“Only the smoke from the crematoria moves in the bright air, heavenward if there were a heaven.”
In his acclaimed 2007 debut novel Finn, Jon Clinch offers up an inspired imagining of "Pap Finn," Huck’s ne’er do well father. For his next book, 2010’s Kings of the Earth, he moves on from the Muddy Mississippi to another bygone era in the rustic upstate New York setting for a multifaceted family chronicle, in tribute to the fading voices and legends of his parent’s generation.

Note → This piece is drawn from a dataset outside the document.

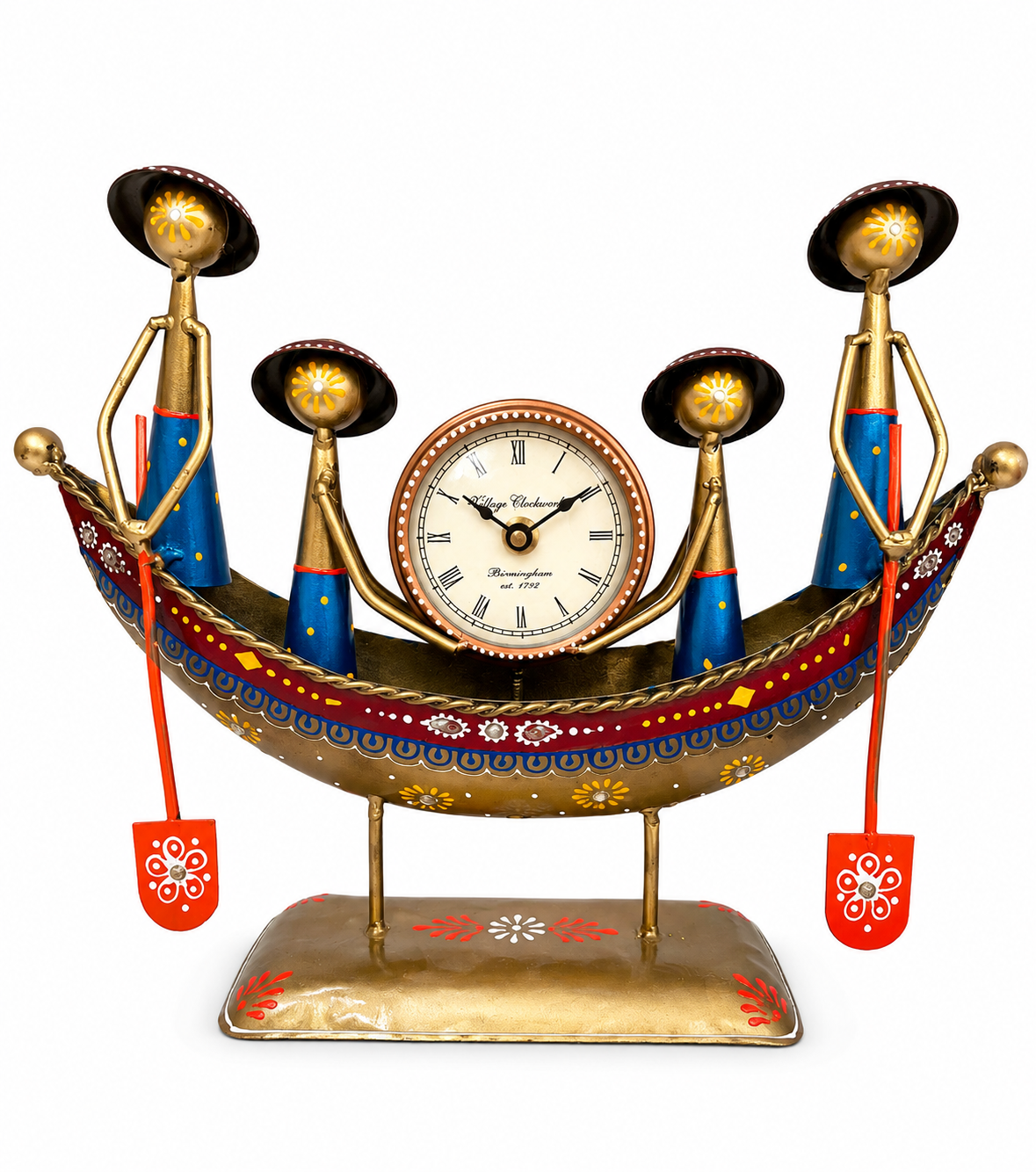 Hand-painted tribal boat table clock with four figures, front view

It’s not just literary wanderlust driving Clinch, however, as he lights out for new territories beyond American bounds--whether geographic or thematic—and a bleaker family dynamic to the harrowing heart of holocaustal darkness beating at the core of the engrossing and potent The Thief of Auschwitz (available Jan. 15). The unremitting and ineffable horrors signifying World War II concentration camp barbarism makes for a work that amounts to “a second memorial to that same generation, this time honoring those on my wife’s side of the family of man—the Jewish side—whose stories are likewise in danger of being lost,” Clinch says in the Notes and Acknowledgments.

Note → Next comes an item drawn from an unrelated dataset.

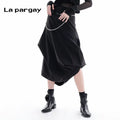 Lapargay high waist mid-length skirt 2026 spring new women's black casual versatile irregular skirt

Indeed, the “boot heels of time and history” tramp their bloody trail all over the novelistic dirge as an intertwining narrative chronicles a Polish family of four: Jacob Rosen, a barber; his wife Eidel, a talented artist; tall and robust Max, the 14-yr old son; and his younger sister Lydia, ethereal and beautiful. Together or separately, amidst rumor and uncertainty—one man's crematorium is another man's "clinic"--they are herded by Third Reich thugs onto a train bound for Auschwitz and a way station to finality with its “precarious balance of life and death, and love and hate, and good and evil. If it should permit a heart to rise, it will just as surely strike it down.”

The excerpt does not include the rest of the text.